The diacylglycerol unit serves as an anchor to hold the molecule in the outer leaflet of the cytoplasmic membrane by hydrophobic interactions with glycerolphosphate polymer passing through the thick layer of peptidoglycan and teichoic acid that constitutes the outer portion of the cell wall. While this is believed to be the main type of lipoteichoic acid, many exceptions are known to exist that differ in the chemical nature of substituents decorating the glycerol phosphate subunits, the length of the polymer and the nature of the carbohydrate unit of the glycolipid anchor in the membrane. Four further lipoteichoic acid classifications are recognized with, for example, poly(digalactosylglycerophosphate), ribitol, amino acids (e.g. D-alanyl residues), glycosyl units (often N-acetylglucosamine) or D-alanyl residues; or choline phosphate in place of or attached to the glycerophosphate residues. Some of these differ in the nature of the glyco-portion of the lipid-anchor. For example, in many Bacillus sp. and other Gram-positive bacteria, mono- and diglycosyldiacylglycerols and glycerophospho-diglycosyldiacylglycerol (together with a mono-alanyl form), i.e. the monomeric precursors of lipoteichoic acids, have been detected in the lipidome.
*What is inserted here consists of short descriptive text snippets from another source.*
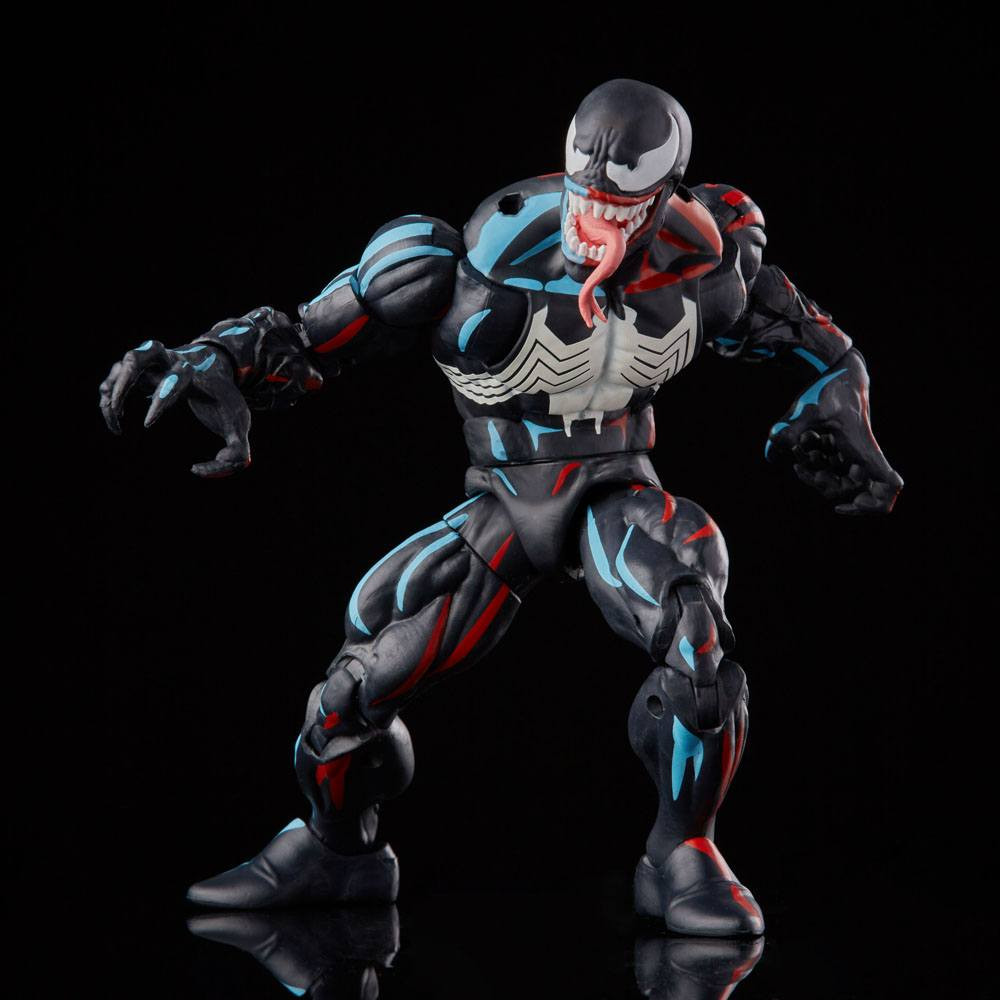 Spider-Man Marvel Legends Series Figura 2021 Venom Pulse Exclusive 15 cm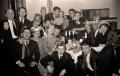 Дочек Нове године у ЦД ЈА Београд  1954.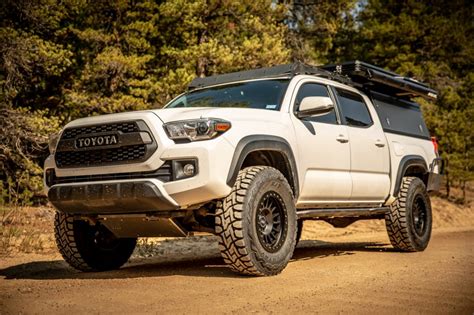 Top Rock Sliders For 2nd And 3rd Gen Tacoma Updated 2023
Together with peptidoglycans, the lipoteichoic acids constitute a polyanionic matrix that provides elasticity, porosity and tensile strength to the cell wall. This has ion-exchange properties that function in homeostasis of metal cations, in trafficking of ions, nutrients, proteins, and antibiotics, the regulation of proteolytic enzymes and the orientation of envelope proteins. The various moieties attached to the glycerol phosphate units are able to modulate the net anionic charge and determine the cationic binding properties. For example, while the phosphate residues of the repeating impart a negative charge to the cell surface, the D-alanine residues, which partly substitute hydroxyl groups in the repeating units, impart a positive charge. Intriguingly, the polymer part of the peptidoglycans is superficially similar to that of the lipoteichoic acids but differs in the stereochemistry, i.e. it is based upon sn-3-glycerolphosphate repeating units.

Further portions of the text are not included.